= Fortún Galíndez =

Fortún Galíndez (floruit 924-972) was a powerful nobleman in the Kingdom of Navarre in the tenth century. He is the only recorded Navarrese of that time to bear the title dux (duke). He was entrusted by Sancho I with the newly conquered territory of the Rioja Alta around Nájera. In 924 he held the title senior in Naiera (lord in Nájera); from 942 he was praefectus in Naiera (prefect in Nájera); and from 950 he was titled dux. He appears to have governed the Rioja with quasi-regal authority, part of a Navarrese experiment in creating a new kingdom, which would be the Kingdom of Viguera.

Based on his patronymic, Fortún's father must have been Galindo. From 924 to 943 Fortún used the title senior or sennor (lord, señor). He was with the royal court frequently during this period, witnessing several royal donations. On 28 October 924 Fortún witnessed the transfer of the monastery of San Pedro de Usún to the diocese of Oya, in which charter he is titled "lord of Nájera". On 26 June 933 he witnessed a royal donation of property to the Riojan monastery of San Martín de Albelda. His last appearance with the low rank of sennor is a royal charter for San Millán de la Cogolla. When García Sánchez I and his queen Tarasia made another donation in 946, he did not subscribe with any title. On 22 November 947 he witnessed a donation of García and the queen mother, Tuta, to Albelda, again untitled.

Private charters of the following period sometimes refer to the "reign" of Fortún Galíndez in Nájera. One grant to Albelda is dated to the time while "García Sánchez [was] reigning in Pamplona, [and] Fortún Galíndez in Nájera" (regnante Garsea Sancionis in Pampilona, Fortuni Galindonis in Nagera). On 15 April 958 a certain Muza and his sister Tota made a donation to Albelda while "king García Sánchez [was] reigning in Pamplona, and under him Fortún Galíndez in Néjera" (regnante [...] rex Garcia Sanciz in Pampilona, et sub eius Fortun Galindonis in Nagera).

During the 950s Fortún makes frequent appearances with the ducal title. In one charter of 956 he is even referred to as Fertunius dux et abba ("duke and abbot"), though no other record exists for his holding an abbacy. Fortún was a common name in Navarre at the time, and it is possible that there was more than one Fortún Galíndez, but only one is clearly identifiable in mid-tenth-century Navarre. Duke Fortún (Furtunius dux) was frequently associated with the monastery of San Millán, signing their charters on 2 September 952, in 955, and on 5 September 957. He is specified in two late charters of San Millán, from 971 and 14 July 972 as Fortunio (or Furtunio) Galindonis dux.
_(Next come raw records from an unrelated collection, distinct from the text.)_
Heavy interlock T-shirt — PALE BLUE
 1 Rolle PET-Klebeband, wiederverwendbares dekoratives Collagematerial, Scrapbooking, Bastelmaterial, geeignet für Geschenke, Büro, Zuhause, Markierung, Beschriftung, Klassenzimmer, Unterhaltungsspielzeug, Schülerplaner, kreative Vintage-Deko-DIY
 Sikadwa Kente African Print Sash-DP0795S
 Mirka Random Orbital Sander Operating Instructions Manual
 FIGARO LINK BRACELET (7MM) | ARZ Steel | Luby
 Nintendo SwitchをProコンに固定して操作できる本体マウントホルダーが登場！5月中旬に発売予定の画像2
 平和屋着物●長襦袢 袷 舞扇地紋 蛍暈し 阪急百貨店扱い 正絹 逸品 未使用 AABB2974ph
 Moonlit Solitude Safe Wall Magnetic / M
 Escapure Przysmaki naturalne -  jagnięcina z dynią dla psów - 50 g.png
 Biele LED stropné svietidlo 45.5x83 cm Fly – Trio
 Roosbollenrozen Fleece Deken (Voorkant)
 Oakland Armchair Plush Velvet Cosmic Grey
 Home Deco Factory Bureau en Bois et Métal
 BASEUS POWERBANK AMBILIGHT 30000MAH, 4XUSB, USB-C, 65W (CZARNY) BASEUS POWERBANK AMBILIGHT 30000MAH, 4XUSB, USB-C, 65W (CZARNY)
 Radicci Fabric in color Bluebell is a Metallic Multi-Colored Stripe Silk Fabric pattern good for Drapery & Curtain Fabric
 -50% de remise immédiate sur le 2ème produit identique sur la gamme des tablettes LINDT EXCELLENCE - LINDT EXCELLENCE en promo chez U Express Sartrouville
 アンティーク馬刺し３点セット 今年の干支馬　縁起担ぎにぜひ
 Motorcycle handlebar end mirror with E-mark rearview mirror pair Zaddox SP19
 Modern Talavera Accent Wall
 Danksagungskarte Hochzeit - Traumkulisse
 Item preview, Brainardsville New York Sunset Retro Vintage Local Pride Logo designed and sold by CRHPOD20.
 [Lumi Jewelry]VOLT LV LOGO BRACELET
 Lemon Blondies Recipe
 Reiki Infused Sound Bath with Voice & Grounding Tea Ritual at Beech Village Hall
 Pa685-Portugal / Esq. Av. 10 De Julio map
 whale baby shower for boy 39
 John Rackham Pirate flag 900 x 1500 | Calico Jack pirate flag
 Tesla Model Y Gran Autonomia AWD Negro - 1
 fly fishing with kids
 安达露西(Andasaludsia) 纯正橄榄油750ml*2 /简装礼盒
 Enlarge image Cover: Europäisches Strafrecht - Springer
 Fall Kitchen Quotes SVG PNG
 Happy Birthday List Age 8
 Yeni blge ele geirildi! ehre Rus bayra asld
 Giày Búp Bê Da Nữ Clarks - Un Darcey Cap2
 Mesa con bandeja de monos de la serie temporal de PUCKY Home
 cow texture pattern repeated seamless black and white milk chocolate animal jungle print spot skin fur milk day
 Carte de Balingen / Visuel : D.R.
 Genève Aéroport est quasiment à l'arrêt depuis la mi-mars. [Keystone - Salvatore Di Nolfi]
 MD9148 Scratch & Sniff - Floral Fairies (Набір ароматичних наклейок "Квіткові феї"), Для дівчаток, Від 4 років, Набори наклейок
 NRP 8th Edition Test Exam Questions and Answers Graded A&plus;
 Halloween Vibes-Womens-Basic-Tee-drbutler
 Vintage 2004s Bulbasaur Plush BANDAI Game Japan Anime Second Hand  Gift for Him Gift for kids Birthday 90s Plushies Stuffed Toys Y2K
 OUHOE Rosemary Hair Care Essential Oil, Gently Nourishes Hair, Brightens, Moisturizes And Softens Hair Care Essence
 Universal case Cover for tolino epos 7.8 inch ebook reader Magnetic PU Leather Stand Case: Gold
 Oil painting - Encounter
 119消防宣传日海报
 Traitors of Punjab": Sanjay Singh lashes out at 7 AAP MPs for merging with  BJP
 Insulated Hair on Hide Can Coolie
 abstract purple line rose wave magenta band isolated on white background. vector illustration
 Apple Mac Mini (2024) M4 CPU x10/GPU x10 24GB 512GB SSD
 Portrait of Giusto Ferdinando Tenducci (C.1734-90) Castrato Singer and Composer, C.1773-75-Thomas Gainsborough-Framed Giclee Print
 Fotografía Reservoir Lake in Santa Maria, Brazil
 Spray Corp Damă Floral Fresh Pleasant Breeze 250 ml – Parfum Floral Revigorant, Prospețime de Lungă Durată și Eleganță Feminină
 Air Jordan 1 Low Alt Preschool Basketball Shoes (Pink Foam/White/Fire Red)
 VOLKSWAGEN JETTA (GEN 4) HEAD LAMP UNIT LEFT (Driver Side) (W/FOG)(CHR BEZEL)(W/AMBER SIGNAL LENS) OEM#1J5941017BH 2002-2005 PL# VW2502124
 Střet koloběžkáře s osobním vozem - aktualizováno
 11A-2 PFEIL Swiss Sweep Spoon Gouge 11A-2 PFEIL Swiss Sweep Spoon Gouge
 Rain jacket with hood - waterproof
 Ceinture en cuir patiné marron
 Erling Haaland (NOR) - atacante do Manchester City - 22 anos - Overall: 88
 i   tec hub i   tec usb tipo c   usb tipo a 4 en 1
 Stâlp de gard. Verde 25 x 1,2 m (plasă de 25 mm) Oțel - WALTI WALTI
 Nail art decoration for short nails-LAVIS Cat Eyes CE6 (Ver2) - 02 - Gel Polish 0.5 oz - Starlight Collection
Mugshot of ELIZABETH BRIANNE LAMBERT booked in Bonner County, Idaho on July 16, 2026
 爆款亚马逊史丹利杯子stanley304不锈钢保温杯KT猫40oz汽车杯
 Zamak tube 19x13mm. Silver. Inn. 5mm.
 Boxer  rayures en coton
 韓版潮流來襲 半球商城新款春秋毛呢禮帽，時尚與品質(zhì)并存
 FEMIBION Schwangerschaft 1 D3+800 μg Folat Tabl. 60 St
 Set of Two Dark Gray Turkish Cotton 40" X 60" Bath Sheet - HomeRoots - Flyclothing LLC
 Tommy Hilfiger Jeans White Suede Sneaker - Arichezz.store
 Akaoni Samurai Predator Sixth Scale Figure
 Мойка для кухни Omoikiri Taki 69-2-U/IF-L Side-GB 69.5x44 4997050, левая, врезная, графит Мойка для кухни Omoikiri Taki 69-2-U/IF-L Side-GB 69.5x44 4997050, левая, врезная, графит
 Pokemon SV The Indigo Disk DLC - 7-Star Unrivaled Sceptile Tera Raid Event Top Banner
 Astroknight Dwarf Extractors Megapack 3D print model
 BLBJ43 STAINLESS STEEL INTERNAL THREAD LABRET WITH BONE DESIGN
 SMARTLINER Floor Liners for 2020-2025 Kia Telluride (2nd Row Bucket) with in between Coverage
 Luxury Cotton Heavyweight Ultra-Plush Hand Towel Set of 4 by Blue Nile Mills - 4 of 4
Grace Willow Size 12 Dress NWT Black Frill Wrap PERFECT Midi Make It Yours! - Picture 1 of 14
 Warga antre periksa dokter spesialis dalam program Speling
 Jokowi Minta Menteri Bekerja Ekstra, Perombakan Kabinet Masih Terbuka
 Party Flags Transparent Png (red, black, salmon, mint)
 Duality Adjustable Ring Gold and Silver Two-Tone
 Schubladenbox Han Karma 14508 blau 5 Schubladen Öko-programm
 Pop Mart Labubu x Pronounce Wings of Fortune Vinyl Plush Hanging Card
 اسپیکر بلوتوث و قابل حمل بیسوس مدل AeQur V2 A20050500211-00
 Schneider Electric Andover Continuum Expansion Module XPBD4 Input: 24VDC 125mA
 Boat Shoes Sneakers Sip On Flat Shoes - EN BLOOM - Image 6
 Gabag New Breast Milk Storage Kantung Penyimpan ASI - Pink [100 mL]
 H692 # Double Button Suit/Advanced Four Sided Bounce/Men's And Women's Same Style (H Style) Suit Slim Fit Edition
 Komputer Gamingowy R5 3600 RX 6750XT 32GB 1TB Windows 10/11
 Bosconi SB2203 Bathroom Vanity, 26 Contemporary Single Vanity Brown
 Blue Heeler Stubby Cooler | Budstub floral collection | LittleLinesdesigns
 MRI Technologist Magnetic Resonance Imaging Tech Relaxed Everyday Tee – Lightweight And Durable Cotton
On 10 December 970, in one of his last acts, Fortún witnessed a donation to San Millán by the royal family, Sancho II, Ramiro Garcés, now King of Viguera, and Urraca of Castile, Sancho's queen. He was untitled. The last record of Fortún Galíndez (Furtunio Galindonis) is in two charters (13 and 30 November 972) belonging to the monastery of Santa María la Real de Nájera. He probably died shortly after the last charter, at an advanced age.

Sometime after 930 Fortún married the twice-widowed Velasquita Sánchez, daughter of Sancho I.